I do enjoy my job, though. I am a long distance driver and I ride with a partner. This means that I leave my home in North Carolina very early Monday morning, and I return by Friday afternoon. Drivers are required to operate no more than eight hours in a 24-hour day, but the truck can go for twice that time. Driving with a partner negates the loneliness of prior years and also provides an added measure of safety in those areas where extra protection is a good idea. Both my partner and I take pride in our jobs. With so much of America’s manufacturing base moving out of the country, there is no good substitute for truck transport of goods. As is the case with health care, trucking necessarily must be done at the point where it is needed. It is not a job that can be outsourced to another country.

Sometimes I miss not being able to be in town during the week, but I always have weekends and can plan anything I choose for those times. They are fixed and unchanging, so even though I cannot be at home during the week, I know I always can plan on having the entire weekend away from work and without demands on my free time. One very good aspect of truck driving is that it is relatively low-stress. When I am home, then I absolutely am at home without even the smallest need to think about work.

Ten years ago, I probably would not have said that I want to be driving a truck in five years. Now that it has been twenty years, however, I really have no desire to do anything else. It fits my life and my personality, and it allows me to visit places that I probably would not see on my own. I learned the hard way that traveling with a partner is much easier than driving alone, though initially I was less than pleased about having to spend most of a week with someone else in such close quarters. That took some adjustment for both of us.

Technology changes have been dramatic. Like many men, I enjoy “gadgets” and electronic capabilities, so the changes in technology have been fascinating for me.

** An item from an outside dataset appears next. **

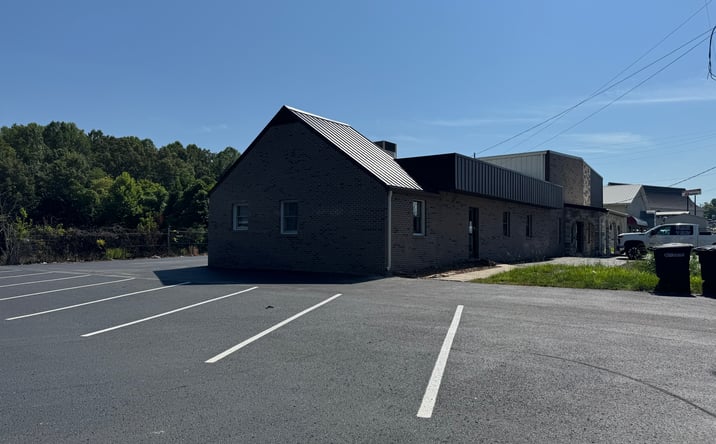 Pictures of Retail, Office property located at 335 Newman Dr, Cookeville, TN 38501 for lease - image #1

I did learn early on not to rely too heavily on my GPS, though, when it took me nearly 100 miles out of my way to a wrong destination.

I have a college degree, but most truck drivers do not. High school is about the minimum accepted, and of course every driver must have a commercial license. We also have to have ongoing safety training classes, but that takes us off of the road for a while without affecting vacation time. I’ve been with my company for a long time and so get four weeks’ vacation each year. My gross salary ranges between $60,000 and $80,000 each year, so I'm able to live well and take enjoyable vacations.

Even though I did not grow up dreaming of driving a big truck back and forth across the country, I have enjoyed the work for most of these twenty years. There are times that I wonder how life would be if I could be home every night, but those times are infrequent. Truck driving has been good for me. With more than one million accident-free miles, I like to think that I have been good for trucking, too.